Brief descriptive captions:
· · ·

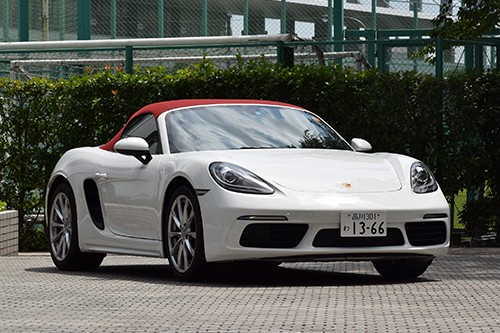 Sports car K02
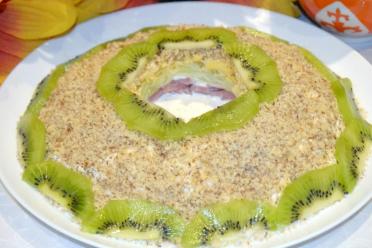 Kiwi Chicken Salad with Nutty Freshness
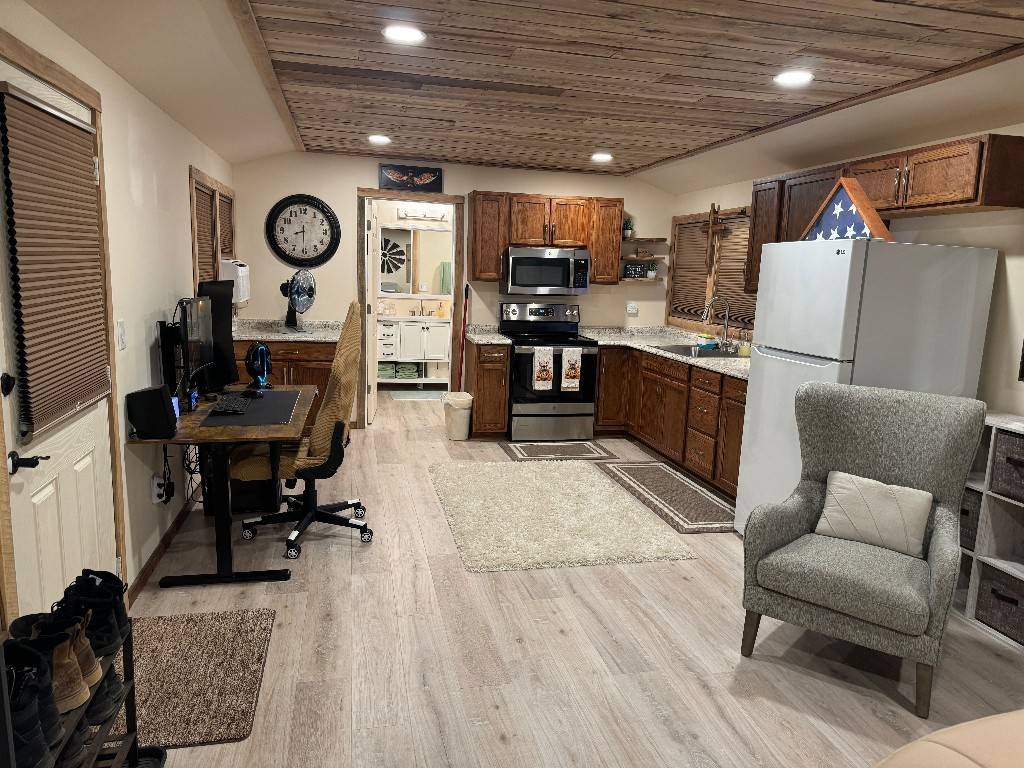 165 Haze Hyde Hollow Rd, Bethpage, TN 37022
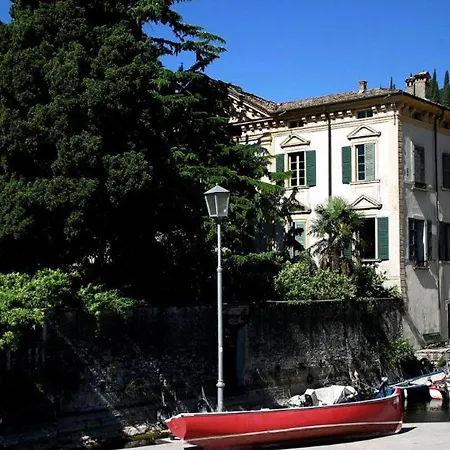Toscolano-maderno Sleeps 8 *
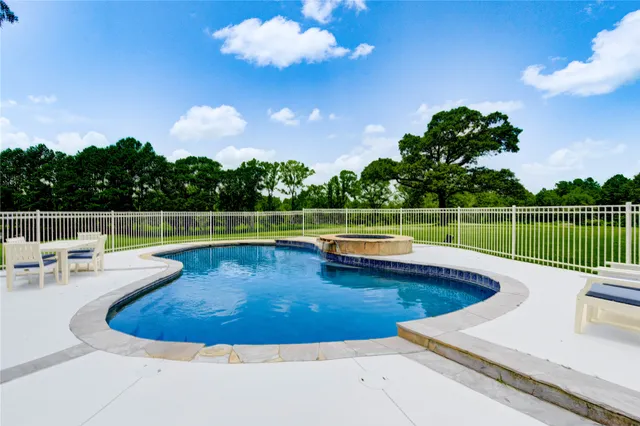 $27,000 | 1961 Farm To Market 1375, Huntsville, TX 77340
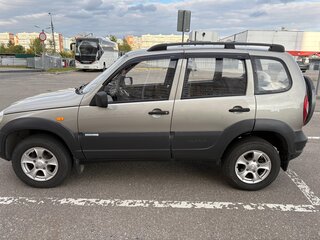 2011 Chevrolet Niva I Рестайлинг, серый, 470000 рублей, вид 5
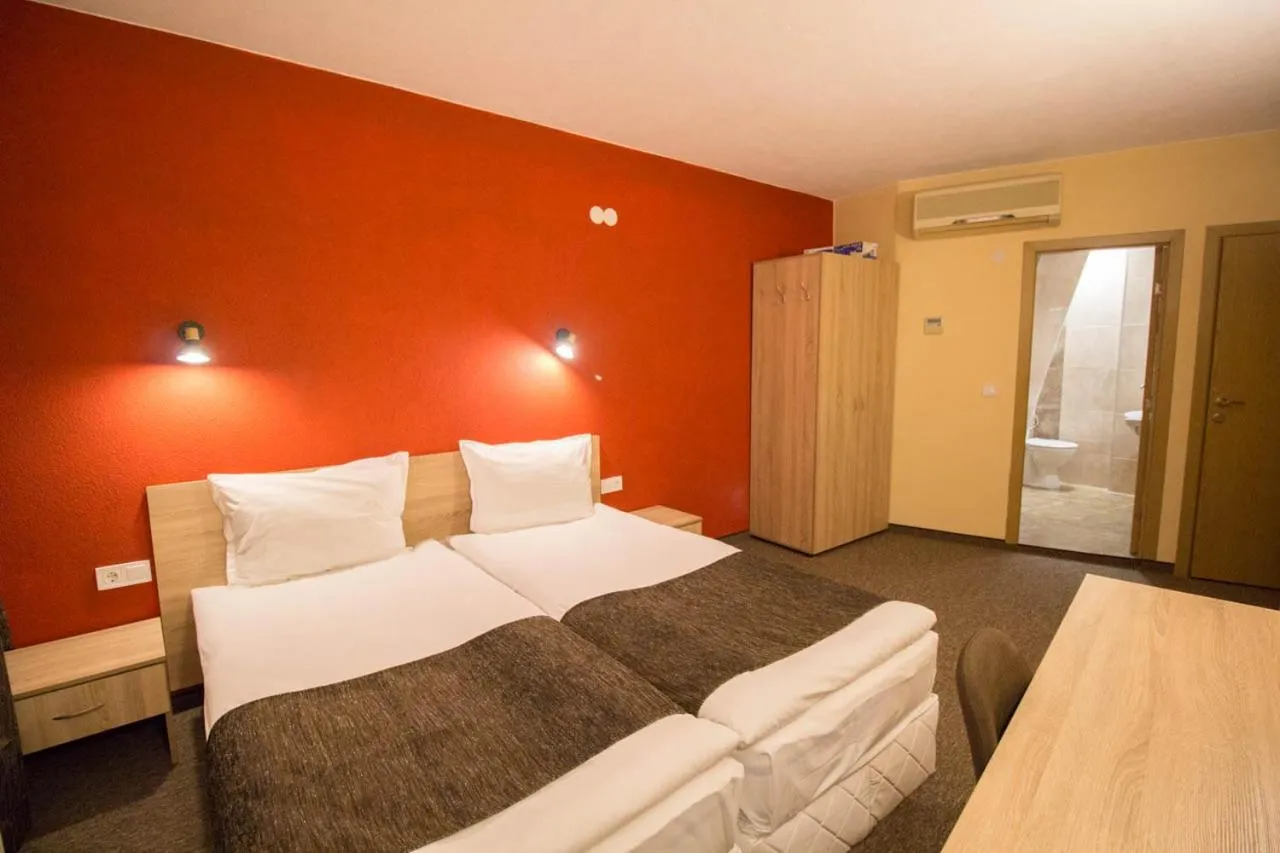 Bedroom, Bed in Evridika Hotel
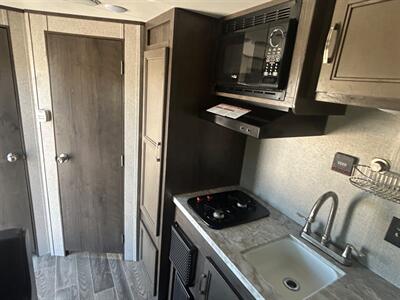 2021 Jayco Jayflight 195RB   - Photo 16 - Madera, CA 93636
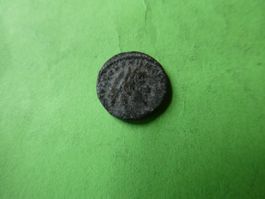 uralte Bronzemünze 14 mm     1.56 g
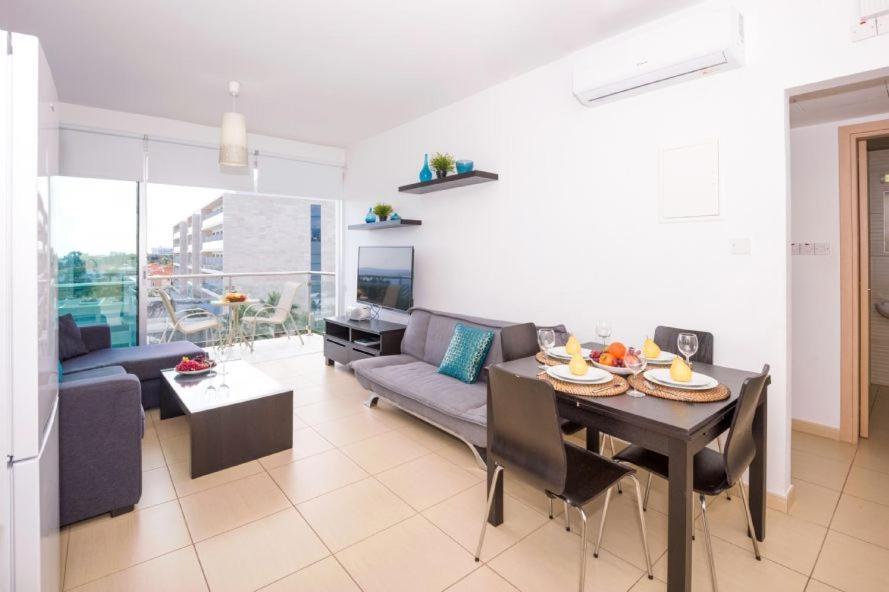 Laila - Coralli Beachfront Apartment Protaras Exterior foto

· · ·

▸ Work instruction
A faithful copy of each entry is required, and no picture may be carried into it.

▸ Your response
 Sports car K02
 Kiwi Chicken Salad with Nutty Freshness
 165 Haze Hyde Hollow Rd, Bethpage, TN 37022
Toscolano-maderno Sleeps 8 *
 $27,000 | 1961 Farm To Market 1375, Huntsville, TX 77340
 2011 Chevrolet Niva I Рестайлинг, серый, 470000 рублей, вид 5
 Bedroom, Bed in Evridika Hotel
 2021 Jayco Jayflight 195RB   - Photo 16 - Madera, CA 93636
 uralte Bronzemünze 14 mm     1.56 g
 Laila - Coralli Beachfront Apartment Protaras Exterior foto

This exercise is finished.